▸ Exercise goal: Only the lines from the one that contains "RC Flying Fighter" through the end of the entries, both included, should be transcribed, exactly and without pictures.

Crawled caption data
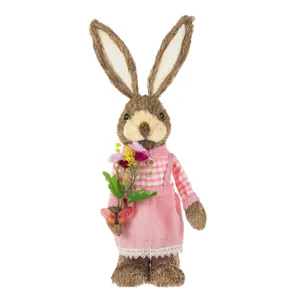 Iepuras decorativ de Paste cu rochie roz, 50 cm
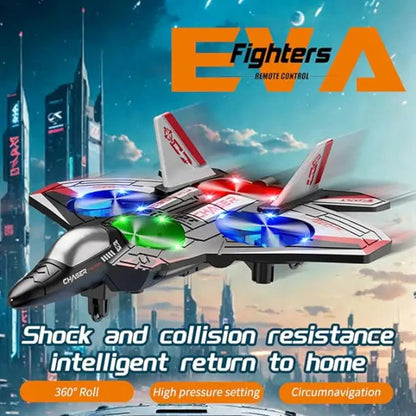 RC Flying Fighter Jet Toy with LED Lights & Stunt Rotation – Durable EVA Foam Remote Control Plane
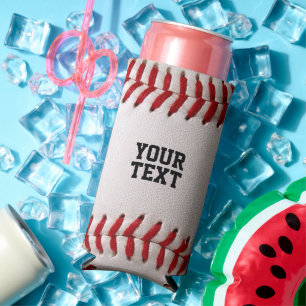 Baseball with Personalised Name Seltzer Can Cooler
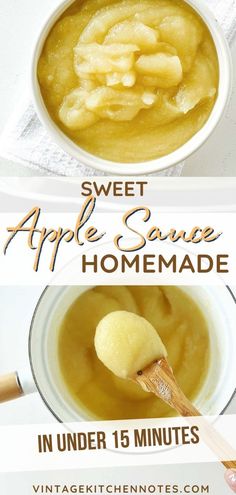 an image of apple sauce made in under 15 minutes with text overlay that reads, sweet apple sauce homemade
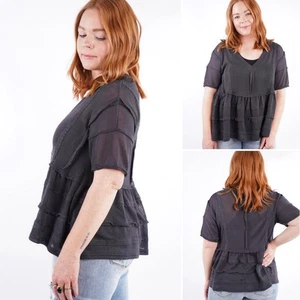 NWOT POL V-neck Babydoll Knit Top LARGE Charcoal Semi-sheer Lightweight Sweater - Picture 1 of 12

▸ Answer for the task:
 RC Flying Fighter Jet Toy with LED Lights & Stunt Rotation – Durable EVA Foam Remote Control Plane
 Baseball with Personalised Name Seltzer Can Cooler
 an image of apple sauce made in under 15 minutes with text overlay that reads, sweet apple sauce homemade
 NWOT POL V-neck Babydoll Knit Top LARGE Charcoal Semi-sheer Lightweight Sweater - Picture 1 of 12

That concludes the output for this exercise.